If Philosophy

Metaethics: What is Right, What is ‘Right’ and What is Right?

Metaethics is a field of study that deals with three types of question regarding morality. Namely, (i) ontological questions about whether there actually are such things as moral facts, (ii) questions concerning the semantics of moral judgements, and (iii) the epistemology of them; whether or not we can know what is right and how, if so. Let’s look at a few of these, and some of their potential answers.

The ontological question “are there moral facts?” may be answered either affirmatively, or negatively. We call these stances the realist and nihilist positions, respectively. The realist may then either be a naturalist or a non-naturalist. The naturalist argues that moral facts exist in the same way as natural facts do. There is nothing different in essence about moral facts in comparison to some natural fact, as for instance the length of a stick. The non-naturalist instead argues that there is something different about moral facts. Perhaps because they (supposedly) override desires that are incompatible with doing what is right, or perhaps they even motivate us to act in specific ways to some degree. The nihilist however, as already indicated, argues that moral facts don’t exist. According to them, the fabric of the world just doesn’t contain ethical value; we’re in a world without worth. I’m not entirely sure doom and gloom follows if this is so, though. Can you be broke if there’s no such thing as money? It’s not evident, but at least you probably won’t be in monetary debt. So there’s that.

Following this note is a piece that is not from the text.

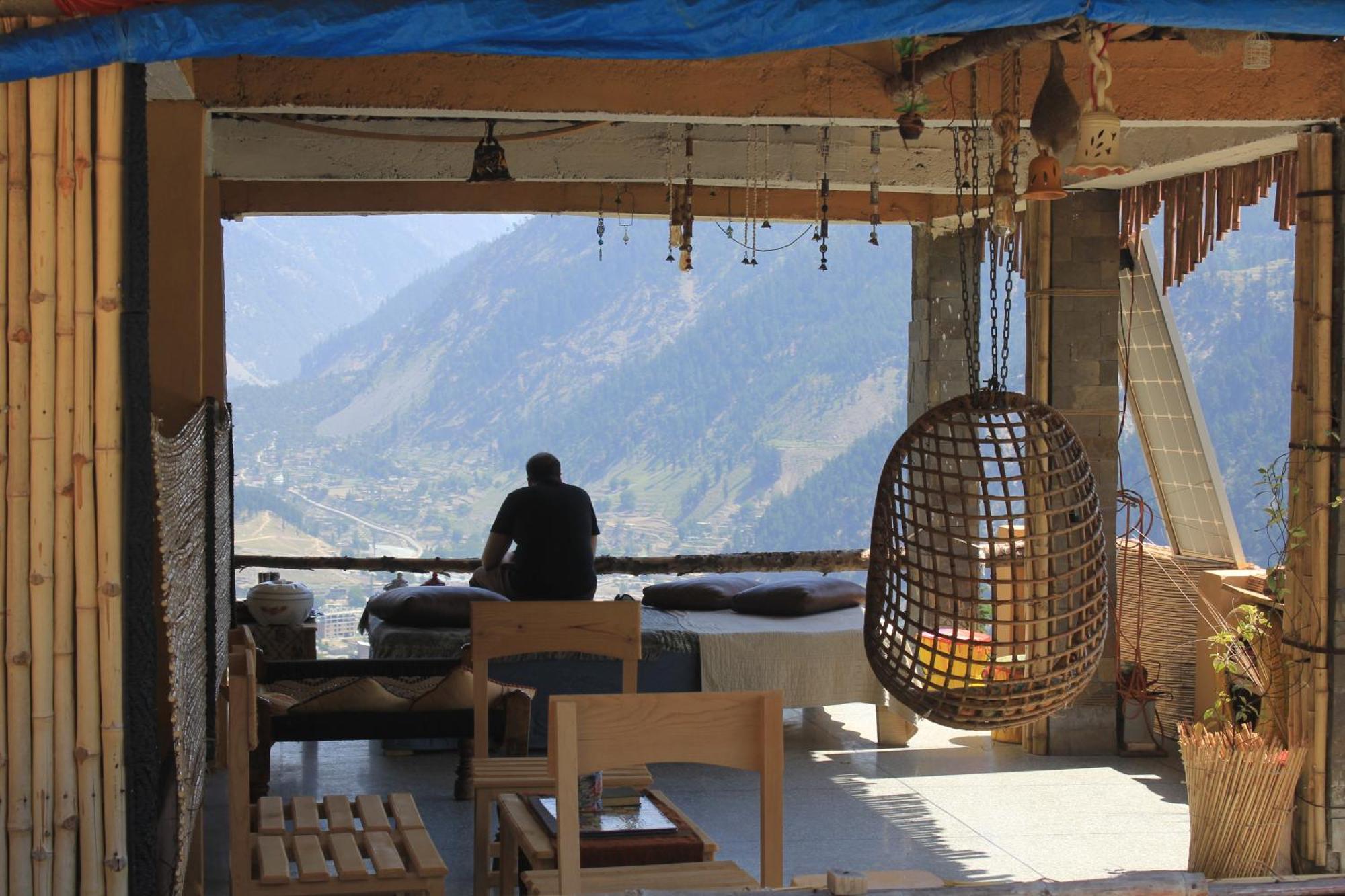 Khana Badosh Resort Kalam Ngoại thất bức ảnh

The semantic type of questions deal with what terms such as ‘right’ and ‘wrong’ and ‘good’ and ‘bad’ mean or express. Descriptivists argue that moral concepts work as regular descriptive concepts. To say of an action that it is right or wrong is a lot like saying that an object is large or small. The expressivist, on the other hand, argues that moral concepts express our attitudes toward actions. According to the expressivist, to say that an action is right or wrong is roughly the same as going “yay for the action” or “boo for the action”. Neither of these statements can, strictly speaking, be true or false. The division between the descriptivist and expressivist lies exactly in this. Expressivists argue that the semantics of ethics is truth-evaluable. Expressivists argue the opposite.

Lastly, the epistemological question of whether we can know what is right or not may be answered, much like the first one, affirmatively or negatively. We may call the affirmative answer the cognitivist position, and the negative answer the sceptic position. There are some combinations of answers to these three types of questions that fit together more easily than others, but there are many different combinations. Assuming that knowledge is something like justified true belief, then we may only have knowledge of moral facts if descriptivism and realism are both true. How we may be justified in our beliefs about ethics, if at all, is of course a controversial topic. Do intuitions suffice? Whose, if so? How are conflicts to be resolved? These are among the first questions that pop up, but also among the most difficult questions to answer. I’ll leave these questions unresolved. Whatever answer is right, I’m probably going to be at least a little bit off the mark.

Summary

We have established that metaethics revolves around three types of question. These types are the ontological, semantic, and epistemological. The ontological question has two answers, the affirmative one being presented by the realist, the negative one by the nihilist. The semantic question about what ‘right’, ‘good’, ‘wrong, and ‘bad’ mean can be answered either as the descriptivist does; that they are predicates much like any other predicate, or as the expressivist does; that they are terms that express our positive or negative attitudes toward actions. Lastly, the epistemic question “can we have knowledge about moral facts?” may be answered positively, like the cognitivist does, or negatively, like the sceptic does. Many combinations exist. With a little luck, these labels may be of some help in thinking about these somewhat abstract matters. In that, I at least hope that I’m right.